Work task
Reproduce word for word the lines between those holding "13562 Paddington Way" and "Woodhaven 4 ft", inclusive, and nothing else from the data below.

Dataset entries
----------------
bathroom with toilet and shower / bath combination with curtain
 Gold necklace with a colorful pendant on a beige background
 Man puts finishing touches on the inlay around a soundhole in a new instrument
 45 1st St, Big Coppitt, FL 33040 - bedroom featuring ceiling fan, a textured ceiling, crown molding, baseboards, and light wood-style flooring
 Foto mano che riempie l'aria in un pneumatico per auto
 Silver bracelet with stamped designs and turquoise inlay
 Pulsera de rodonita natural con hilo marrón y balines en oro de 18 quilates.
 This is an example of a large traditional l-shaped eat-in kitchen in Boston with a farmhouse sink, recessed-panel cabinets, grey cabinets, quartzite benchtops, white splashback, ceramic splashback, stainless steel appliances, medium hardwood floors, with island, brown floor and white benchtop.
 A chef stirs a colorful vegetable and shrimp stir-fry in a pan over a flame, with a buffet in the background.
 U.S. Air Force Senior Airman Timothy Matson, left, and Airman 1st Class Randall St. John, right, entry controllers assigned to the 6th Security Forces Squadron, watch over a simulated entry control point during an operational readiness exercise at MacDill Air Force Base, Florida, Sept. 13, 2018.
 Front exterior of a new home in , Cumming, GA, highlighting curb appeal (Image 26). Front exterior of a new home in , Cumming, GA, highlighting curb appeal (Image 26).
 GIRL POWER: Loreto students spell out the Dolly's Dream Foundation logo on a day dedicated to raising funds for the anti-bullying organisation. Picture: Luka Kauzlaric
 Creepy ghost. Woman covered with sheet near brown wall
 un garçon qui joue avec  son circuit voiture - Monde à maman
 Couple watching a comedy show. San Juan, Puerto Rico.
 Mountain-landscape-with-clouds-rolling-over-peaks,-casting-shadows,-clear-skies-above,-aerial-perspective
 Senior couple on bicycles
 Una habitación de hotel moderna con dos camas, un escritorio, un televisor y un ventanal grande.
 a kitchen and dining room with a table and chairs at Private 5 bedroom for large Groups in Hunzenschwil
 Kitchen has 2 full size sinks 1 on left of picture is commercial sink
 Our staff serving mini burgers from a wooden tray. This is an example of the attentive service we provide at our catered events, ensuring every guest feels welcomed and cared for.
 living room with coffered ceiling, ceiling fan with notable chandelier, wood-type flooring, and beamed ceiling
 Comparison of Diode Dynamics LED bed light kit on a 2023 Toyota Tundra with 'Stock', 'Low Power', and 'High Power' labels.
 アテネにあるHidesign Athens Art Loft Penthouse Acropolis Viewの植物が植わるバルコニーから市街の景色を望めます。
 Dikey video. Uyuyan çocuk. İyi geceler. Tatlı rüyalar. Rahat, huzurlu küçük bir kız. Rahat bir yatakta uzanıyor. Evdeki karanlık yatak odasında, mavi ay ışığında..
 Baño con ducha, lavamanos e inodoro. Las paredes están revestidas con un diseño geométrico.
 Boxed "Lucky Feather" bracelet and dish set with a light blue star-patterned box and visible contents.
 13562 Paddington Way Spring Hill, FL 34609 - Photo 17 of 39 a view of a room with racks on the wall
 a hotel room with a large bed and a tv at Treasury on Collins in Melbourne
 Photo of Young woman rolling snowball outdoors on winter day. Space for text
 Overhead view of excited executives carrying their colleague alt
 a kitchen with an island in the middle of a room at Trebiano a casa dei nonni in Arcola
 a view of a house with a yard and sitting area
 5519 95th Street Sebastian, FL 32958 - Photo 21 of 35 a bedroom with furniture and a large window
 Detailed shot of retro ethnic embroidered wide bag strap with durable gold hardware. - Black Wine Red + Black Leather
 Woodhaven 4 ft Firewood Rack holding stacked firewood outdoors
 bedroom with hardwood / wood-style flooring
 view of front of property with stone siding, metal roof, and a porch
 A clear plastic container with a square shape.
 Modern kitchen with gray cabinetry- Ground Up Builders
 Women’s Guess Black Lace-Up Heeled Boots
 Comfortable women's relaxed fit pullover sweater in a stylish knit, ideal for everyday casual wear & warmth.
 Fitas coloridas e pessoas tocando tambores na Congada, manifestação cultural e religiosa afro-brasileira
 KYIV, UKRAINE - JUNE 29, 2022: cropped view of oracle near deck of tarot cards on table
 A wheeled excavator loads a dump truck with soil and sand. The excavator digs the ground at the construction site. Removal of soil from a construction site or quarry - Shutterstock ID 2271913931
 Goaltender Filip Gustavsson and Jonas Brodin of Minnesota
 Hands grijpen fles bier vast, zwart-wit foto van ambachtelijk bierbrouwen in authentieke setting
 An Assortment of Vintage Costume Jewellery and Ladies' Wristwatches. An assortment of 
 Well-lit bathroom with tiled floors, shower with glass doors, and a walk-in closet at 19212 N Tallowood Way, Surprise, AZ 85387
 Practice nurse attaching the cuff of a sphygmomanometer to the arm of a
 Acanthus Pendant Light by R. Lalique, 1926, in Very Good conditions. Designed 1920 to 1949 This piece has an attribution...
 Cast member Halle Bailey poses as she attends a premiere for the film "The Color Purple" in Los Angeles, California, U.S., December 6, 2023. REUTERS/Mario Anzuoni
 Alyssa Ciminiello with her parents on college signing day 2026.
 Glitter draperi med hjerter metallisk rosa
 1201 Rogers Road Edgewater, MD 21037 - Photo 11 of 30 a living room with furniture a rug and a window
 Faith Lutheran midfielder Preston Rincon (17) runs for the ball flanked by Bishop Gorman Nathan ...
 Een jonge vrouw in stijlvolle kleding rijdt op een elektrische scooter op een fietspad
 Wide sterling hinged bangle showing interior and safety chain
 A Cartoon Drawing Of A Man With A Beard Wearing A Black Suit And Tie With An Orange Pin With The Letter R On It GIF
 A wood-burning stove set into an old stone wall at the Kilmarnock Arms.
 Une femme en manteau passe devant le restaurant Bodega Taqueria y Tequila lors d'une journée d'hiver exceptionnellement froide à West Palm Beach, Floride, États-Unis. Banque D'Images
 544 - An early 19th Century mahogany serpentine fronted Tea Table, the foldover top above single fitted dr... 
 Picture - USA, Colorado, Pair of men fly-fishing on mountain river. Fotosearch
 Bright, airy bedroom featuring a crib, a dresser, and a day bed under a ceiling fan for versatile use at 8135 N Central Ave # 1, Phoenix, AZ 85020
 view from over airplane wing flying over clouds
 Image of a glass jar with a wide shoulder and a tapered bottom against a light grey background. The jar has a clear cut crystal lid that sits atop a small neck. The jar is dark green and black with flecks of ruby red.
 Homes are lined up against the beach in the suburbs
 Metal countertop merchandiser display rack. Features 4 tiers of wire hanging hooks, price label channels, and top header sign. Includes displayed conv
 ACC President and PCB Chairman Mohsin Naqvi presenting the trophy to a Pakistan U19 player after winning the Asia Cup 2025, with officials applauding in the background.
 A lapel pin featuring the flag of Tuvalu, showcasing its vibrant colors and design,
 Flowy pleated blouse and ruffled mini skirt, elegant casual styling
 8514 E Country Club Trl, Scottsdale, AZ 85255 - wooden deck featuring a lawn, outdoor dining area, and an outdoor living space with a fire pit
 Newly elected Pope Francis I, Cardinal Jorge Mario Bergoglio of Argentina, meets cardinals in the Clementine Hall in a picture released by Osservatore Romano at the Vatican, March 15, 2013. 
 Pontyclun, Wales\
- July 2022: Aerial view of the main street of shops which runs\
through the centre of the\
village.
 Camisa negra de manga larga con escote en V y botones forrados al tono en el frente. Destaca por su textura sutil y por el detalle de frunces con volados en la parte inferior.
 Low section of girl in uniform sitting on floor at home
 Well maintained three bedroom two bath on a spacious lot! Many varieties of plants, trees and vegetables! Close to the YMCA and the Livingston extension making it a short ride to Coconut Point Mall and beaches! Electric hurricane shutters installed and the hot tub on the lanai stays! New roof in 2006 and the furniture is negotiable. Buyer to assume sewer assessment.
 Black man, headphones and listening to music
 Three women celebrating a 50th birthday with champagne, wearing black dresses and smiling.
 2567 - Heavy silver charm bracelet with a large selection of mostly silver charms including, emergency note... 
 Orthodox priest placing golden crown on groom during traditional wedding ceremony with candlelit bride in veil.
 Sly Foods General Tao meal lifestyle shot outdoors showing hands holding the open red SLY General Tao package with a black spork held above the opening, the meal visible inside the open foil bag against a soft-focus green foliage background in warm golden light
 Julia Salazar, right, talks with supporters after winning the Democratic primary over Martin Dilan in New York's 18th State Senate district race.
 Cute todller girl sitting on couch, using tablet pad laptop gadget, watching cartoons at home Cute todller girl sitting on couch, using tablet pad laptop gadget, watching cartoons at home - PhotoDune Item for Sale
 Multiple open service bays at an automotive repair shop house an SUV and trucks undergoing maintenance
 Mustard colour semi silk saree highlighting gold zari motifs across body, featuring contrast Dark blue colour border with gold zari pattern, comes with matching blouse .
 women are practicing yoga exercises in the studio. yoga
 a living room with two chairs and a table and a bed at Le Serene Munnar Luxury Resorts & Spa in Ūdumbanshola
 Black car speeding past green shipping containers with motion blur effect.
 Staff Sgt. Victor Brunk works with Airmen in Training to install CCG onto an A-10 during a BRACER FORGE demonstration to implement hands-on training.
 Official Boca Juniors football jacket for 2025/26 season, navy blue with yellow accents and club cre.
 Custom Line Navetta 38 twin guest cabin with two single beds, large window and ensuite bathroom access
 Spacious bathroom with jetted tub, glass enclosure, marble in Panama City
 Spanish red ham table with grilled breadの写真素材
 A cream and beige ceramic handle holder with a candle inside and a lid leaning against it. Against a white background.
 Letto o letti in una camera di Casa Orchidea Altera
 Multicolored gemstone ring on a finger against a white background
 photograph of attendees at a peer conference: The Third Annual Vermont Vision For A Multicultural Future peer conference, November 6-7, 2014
----------------
Written response
 13562 Paddington Way Spring Hill, FL 34609 - Photo 17 of 39 a view of a room with racks on the wall
 a hotel room with a large bed and a tv at Treasury on Collins in Melbourne
 Photo of Young woman rolling snowball outdoors on winter day. Space for text
 Overhead view of excited executives carrying their colleague alt
 a kitchen with an island in the middle of a room at Trebiano a casa dei nonni in Arcola
 a view of a house with a yard and sitting area
 5519 95th Street Sebastian, FL 32958 - Photo 21 of 35 a bedroom with furniture and a large window
 Detailed shot of retro ethnic embroidered wide bag strap with durable gold hardware. - Black Wine Red + Black Leather
 Woodhaven 4 ft Firewood Rack holding stacked firewood outdoors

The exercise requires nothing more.